2020 has been the year where nothing has gone according to plan or expectation. I literally brought in this year throwing up. The moment we turned the corner from 2019 on New Year’s Eve at midnight into 2020, I knew something was wrong as my insides were wrenched by a stomach bug that kept me up the entire night. Even in that awful night of relentless sickness, I felt Jesus close, almost as if His hand was purging me for love’s sake.
The year continued to rebel, not just against me and my best-laid plans, but it seemed to rebel against humanity. Even still, in the midst of the trials we faced with the pandemic, quarantining, division, strife, injustice, riots, more division, shortages, school and business closures, an entire world suddenly hurled into homeschool or Zoom school, election tension, even more division... I think even in it all there has been a loving Hand ready to purge us of what ills us if we are willing.
Every December my family has engaged in some form of Advent, which is basically the active, intentional waiting on Jesus and the preparing of our hearts throughout the month leading up to Christmas. Some years I have written daily simple poetic verses to lead us into activities that would help us ponder greater themes. Some years we have used Advent devotionals or sat in the living room every night to hear Matt read a birth-of-Jesus-themed novel. It looks different each year, but always it points to Christ. This year, we didn’t get our act together in time for Advent—it was halfway into December when I finally had the wherewithal to even give it a thought. The temptation was to say, “We missed it, Advent should have started two weeks ago, I guess this year we will just skip it.” But I knew that we would be missing something. It has been such a way to anchor our family in the midst of a season that otherwise can get swept away in the busyness and in the to-dos.

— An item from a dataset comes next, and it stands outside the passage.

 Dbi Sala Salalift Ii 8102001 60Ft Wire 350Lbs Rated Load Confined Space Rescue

Like so much else this year, I set aside my expectations of what it should look like or has looked like in years past, and we dove into our two-week Messy Advent. There was no pretty wreath—rather, I grabbed five mismatched candles from around the house to use. There was no eye-catching Jesse Tree or Advent wall with which to display the daily theme or activity. I scribbled our activities on whatever paper was around and threw them into a Christmas box every day. Some days we missed doing Advent altogether. But mostly, our messy Advent was just. what. our. bleeding. hearts. needed.

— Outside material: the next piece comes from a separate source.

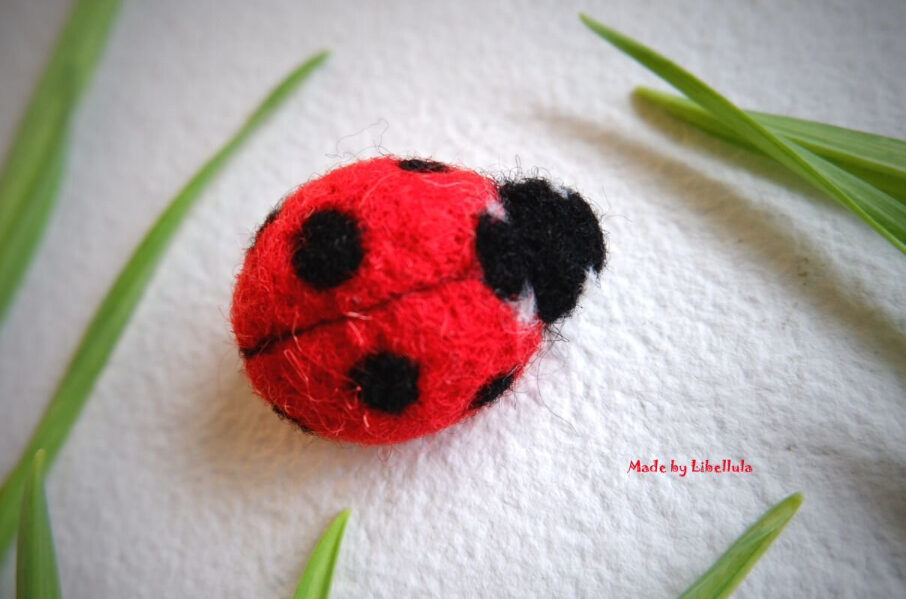 Брошь «Coccinella»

We would gather in our living room around our not perfect tree (I like a tree that looks like kids had a good hand in decorating it). We would pray and invite the Divine into our mortal hearts. Matt would read some from a little book I found on our bookshelf that we had never read: it was a narrative of the story of Mary and Joseph and their trek to Bethlehem leading up to Christ’s birth, published in 1906. Then we would sing a Christmas hymn, the kids would take turns pulling a piece of paper out from a jar full of prophecies about Christ written hundreds of years before He came and would read one and its fulfillment out loud. Then Matt would say a blessing and we would do our activity. Depending on the day, this could be anything from taking five minutes to pray for someone who is hurting to an hours-long family outing to the ice skating rink.
This thrown-together, messy, imperfect Advent seemed perfect for 2020. When we watched The Nativity Story on Christmas Eve and saw a very young Jewish woman ostracized by her family and friends and community because they understandably thought she had been unchaste—pregnant and not yet married, unthinkable in that time and culture—and all because she said “yes” to God, the messiness of it all overwhelmed me. God chose to come this way, He chose to let a pure woman be seen as impure. Even if a chosen few understood (Elizabeth, eventually Joseph, the wise men, the shepherds) many did not understand and God was fine to let that be.
2020 has taught me to look to God and ask Him what He is doing, or wants to do, through my circumstances—messy or neat. It has reminded me that God’s kingdom runs upside down to this earthly one—He will not be boxed in by our expectations or human traditions. He will shake what can be shaken, and purge what needs to be purged, including our mortal understanding. Unto our own good. Because of Love.
Even though I absolutely hated throwing up throughout the night exactly one year ago, I knew my body was designed to get rid of that which was toxic inside of me. I think in some ways the Church, the Body of Christ, has had some toxic build-up and we’ve needed some purging. In many ways this year has felt like that process. It’s not pleasant, but it’s not something we want to avoid. We want to let Him sift and purge and get us on the other side of wholeness.
May I look to Him in all my ways, and trust not in my own finite understanding. May I be like Mary, who said, “be it unto me, Lord, just as you have said.” Blessed is she who believes and receives what He gives, even when His gifts come with discomfort or pain.